Aldo Morrone, MD, Istituto San Gallicano, Via di San Gallicano 25/a, 00153 Roma, Italy. E-mail: morrone@ifo.it

Abstract

Female genital mutilation (FGM) is a traditional cultural practice, but also a form of violence against girls, which affects their lives as adult women. FGM comprises a wide range of procedures: the excision of the prepuce; the partial or total excision of the clitoris (clitoridectomy) and labia; or the stitching and narrowing of the vaginal orifice (infibulation).

The number of girls and women who have been subjected to FGM is estimated at around 137 million worldwide and 2 million girls per year are considered at risk. Most females who have undergone mutilation live in 28 African countries.
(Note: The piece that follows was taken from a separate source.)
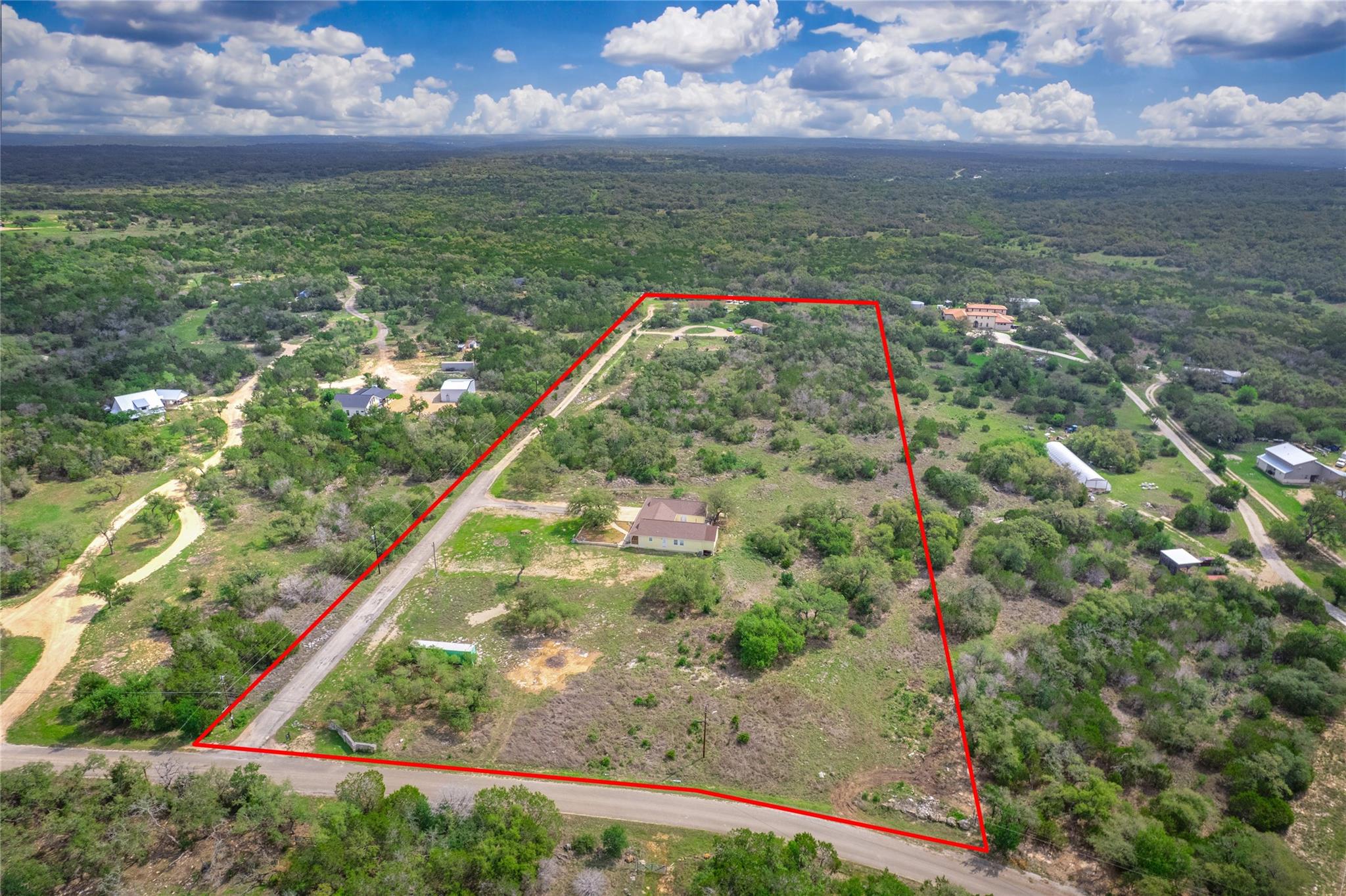 1110 Oakwood Loop, Wimberley, TX 78676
Globalization and international migration have brought an increased presence of circumcised women in Europe and developed countries. Healthcare specialists need to be made aware and trained in the physical, psychosexual, and cultural aspects and effects of FGM and in the response to the needs of genitally mutilated women. Health education programs targeted at immigrant communities should include information on sexuality, FGM, and reproduction. Moreover, healthcare workers should both discourage women from performing FGM on their daughters and receive information on codes of conduct and existing laws. The aim is the total eradication of all forms of FGM.